**Problem to solve**
Every word in the data below belongs in your copy, exactly as given; the pictures do not.

Recorded information: Begin

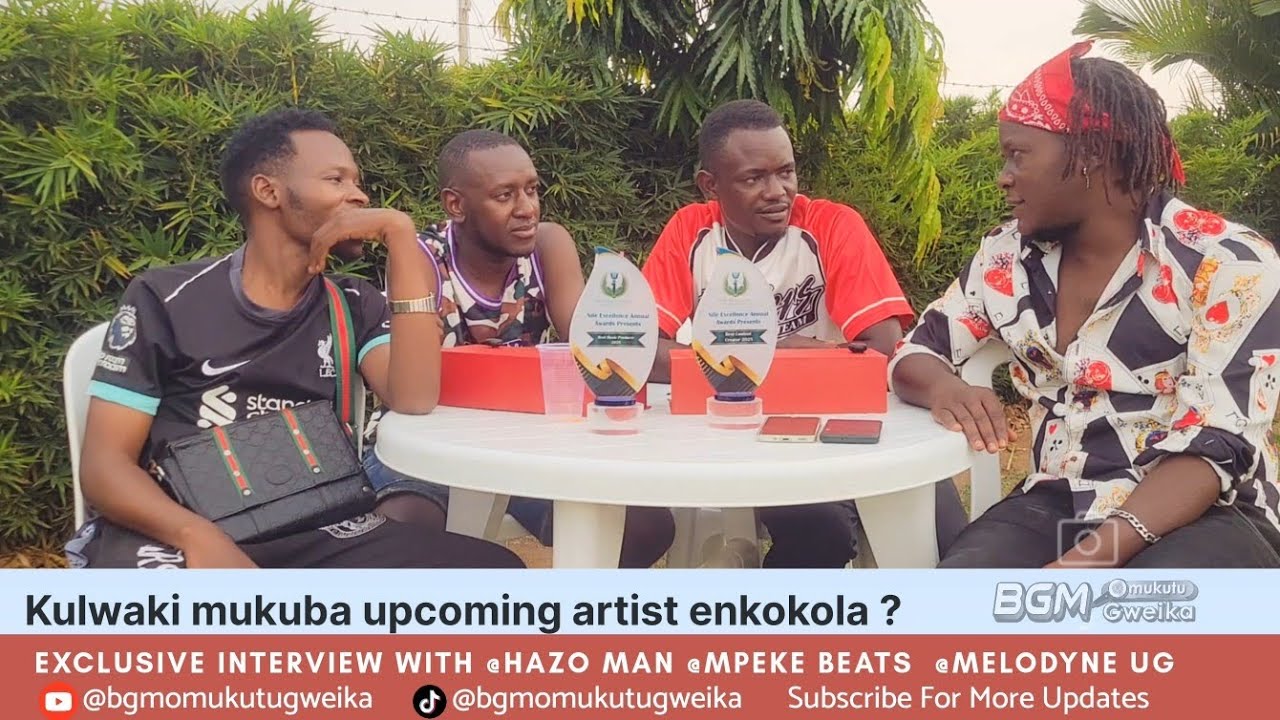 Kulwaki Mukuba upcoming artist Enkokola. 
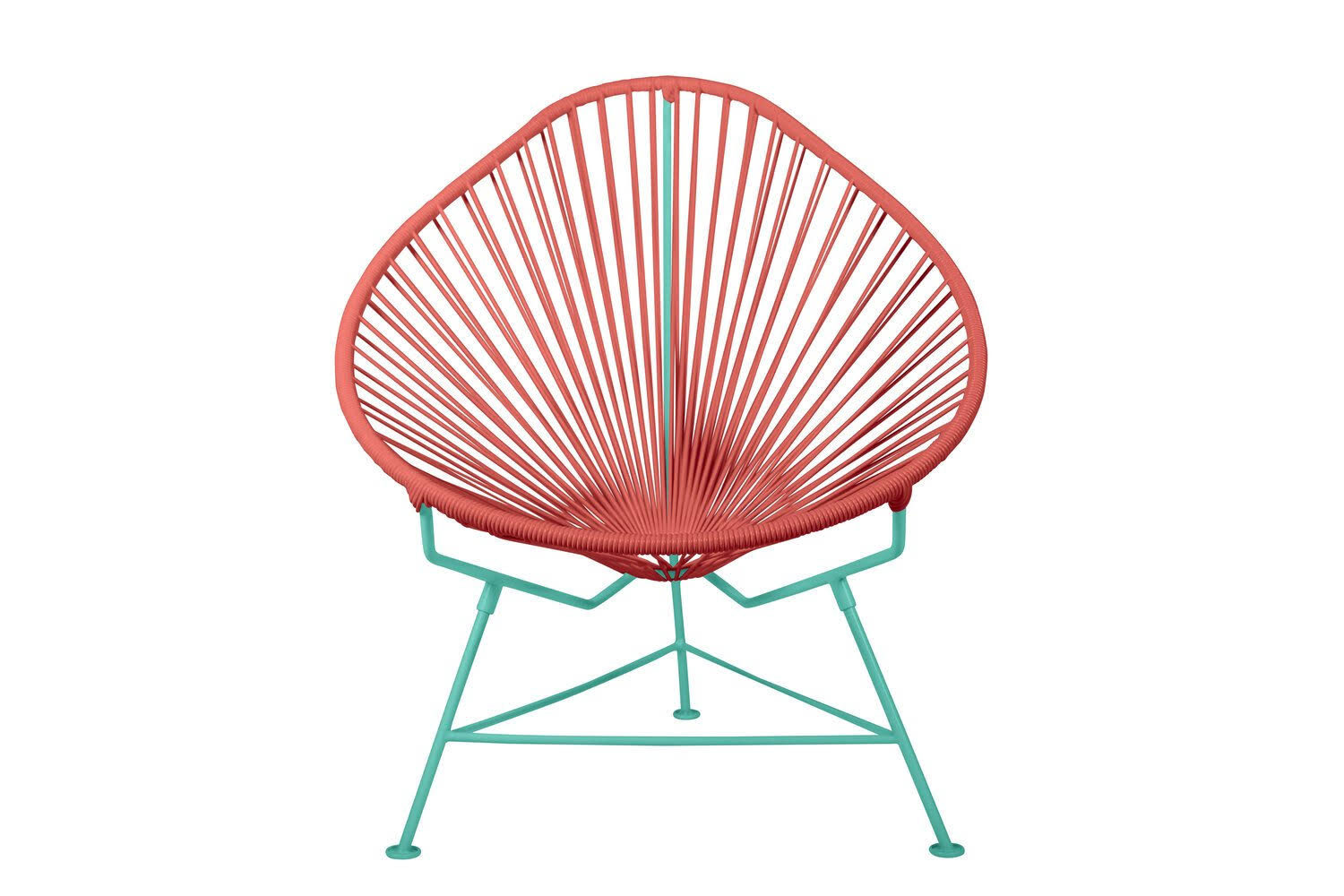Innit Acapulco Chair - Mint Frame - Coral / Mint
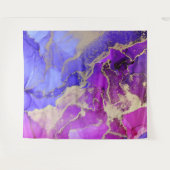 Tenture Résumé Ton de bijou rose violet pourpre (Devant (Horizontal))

Recorded information: End

**Answer to the problem**
 Kulwaki Mukuba upcoming artist Enkokola. 
Innit Acapulco Chair - Mint Frame - Coral / Mint
 Tenture Résumé Ton de bijou rose violet pourpre (Devant (Horizontal))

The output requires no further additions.